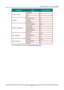 Page 50– 41 – 
CATEGORY ITEM INPUT-LENGTH 
Crestron Control 
IP Address 15 
IP ID 3 
Port 5 
Projector 
Projector Name 10 
Location 10 
Assigned To 10 
Network Configuration 
DHCP (Enabled) (N/A) 
IP Address 15 
Subnet Mask 15 
Default Gateway 15 
DNS Server 15 
User Password 
Enabled (N/A) 
New Password 10 
Confirm 10 
Admin Password 
Enabled (N/A) 
New Password 10 
Confirm 10 
For more information, please visit http://www.crestron.com/.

• **EXERCISE REQUIREMENTS**
Every entry must be transcribed exactly. Pictures do not belong in the copy.

• **WRITTEN ANSWER**
 Page 50– 41 – 
CATEGORY ITEM INPUT-LENGTH 
Crestron Control 
IP Address 15 
IP ID 3 
Port 5 
Projector 
Projector Name 10 
Location 10 
Assigned To 10 
Network Configuration 
DHCP (Enabled) (N/A) 
IP Address 15 
Subnet Mask 15 
Default Gateway 15 
DNS Server 15 
User Password 
Enabled (N/A) 
New Password 10 
Confirm 10 
Admin Password 
Enabled (N/A) 
New Password 10 
Confirm 10 
For more information, please visit http://www.crestron.com/.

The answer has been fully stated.